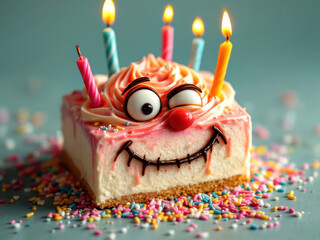 Whimsical cake with playful face design and colorful candles for celebration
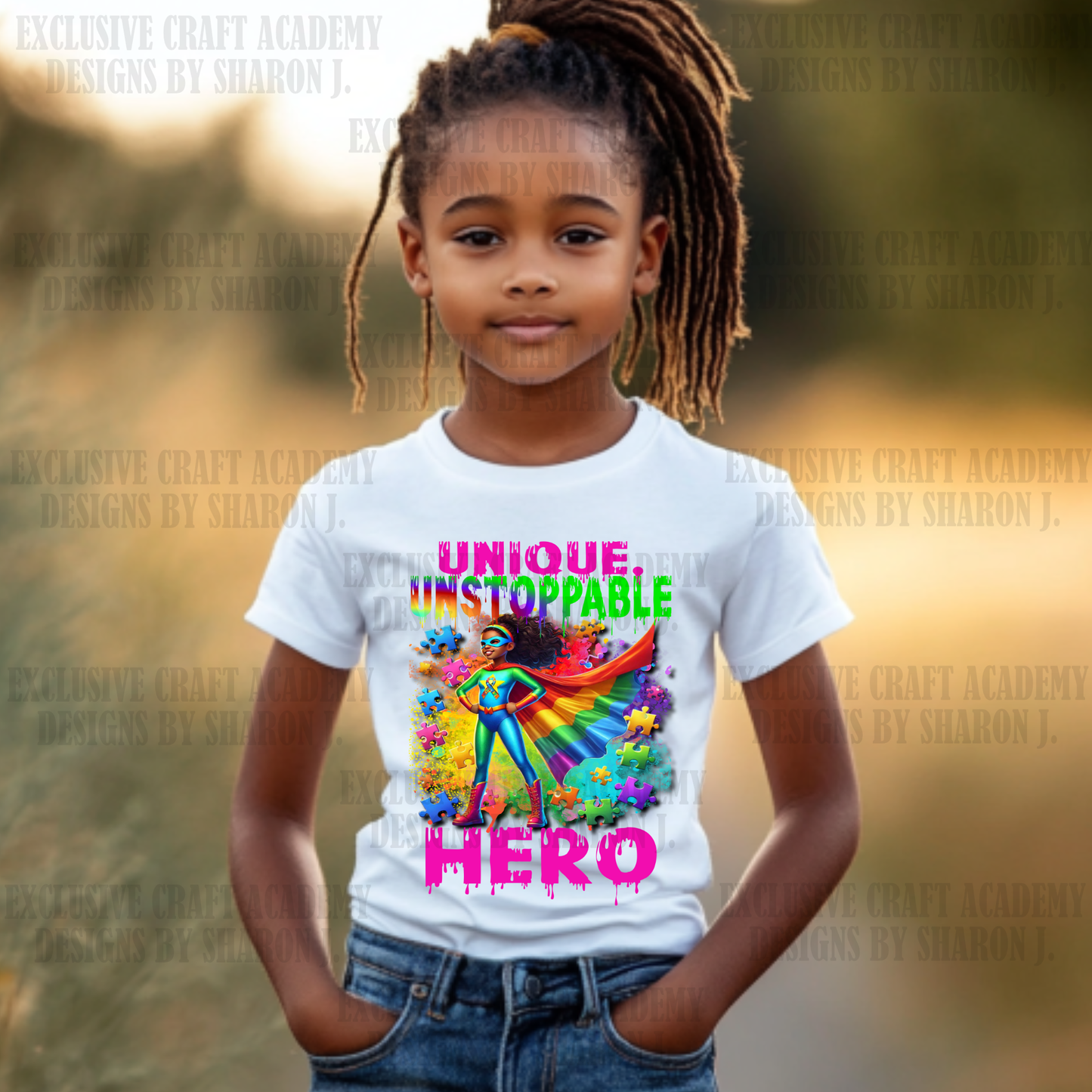 Autism Awareness Hero Girl PNG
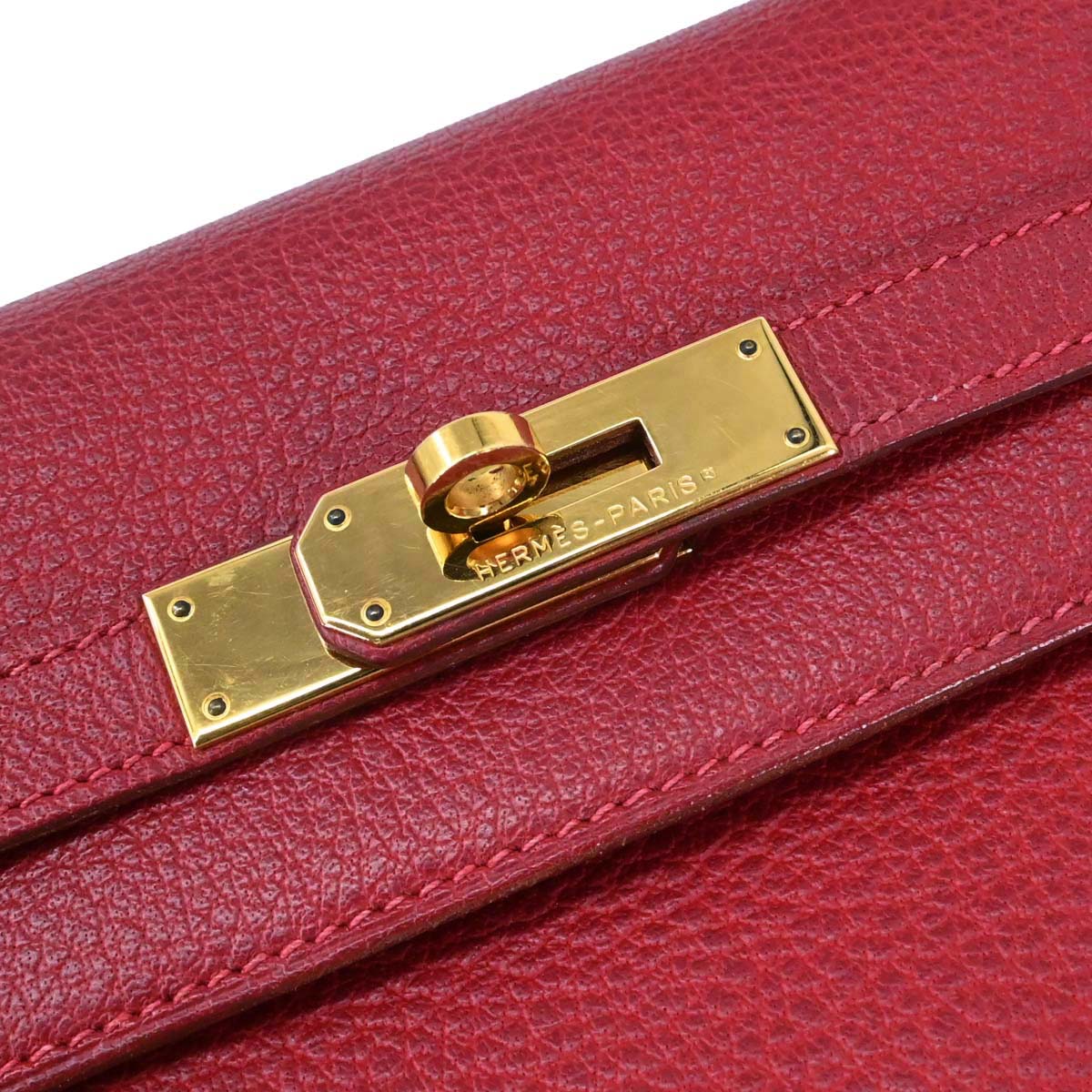 Hermes Rouge Garance Buffle skipper Kelly 35 2way Shoulder Handbag - Image 12
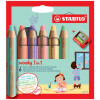 STABILO Multitalent-Stift woody 3 in 1 Etui, 10 mm, sortiert, Kartonetui mit 6 Stiften und 1 kindersicheren Spitzer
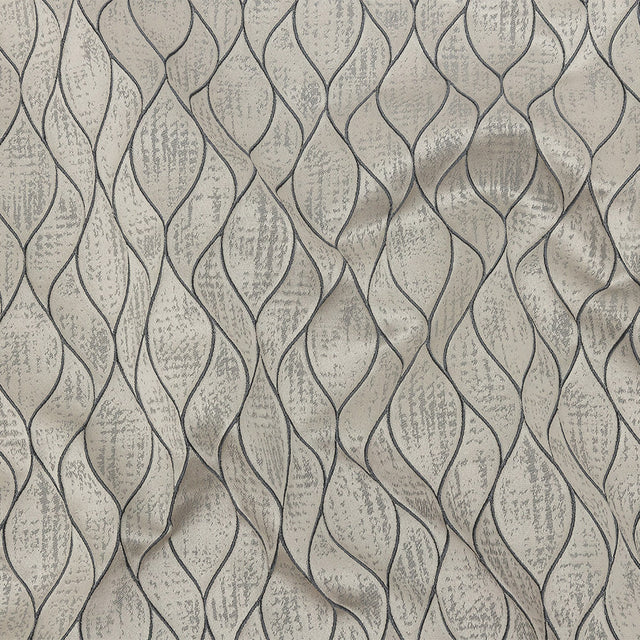 Polyester Jacquard - Pewter Leafy Lines - British Imported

------------------------

> What is required
The whole listing above is to be repeated exactly, apart from its pictures.

> Solution for this task
 Whimsical cake with playful face design and colorful candles for celebration
 Autism Awareness Hero Girl PNG
 Hermes Rouge Garance Buffle skipper Kelly 35 2way Shoulder Handbag - Image 12
 STABILO Multitalent-Stift woody 3 in 1 Etui, 10 mm, sortiert, Kartonetui mit 6 Stiften und 1 kindersicheren Spitzer
 Polyester Jacquard - Pewter Leafy Lines - British Imported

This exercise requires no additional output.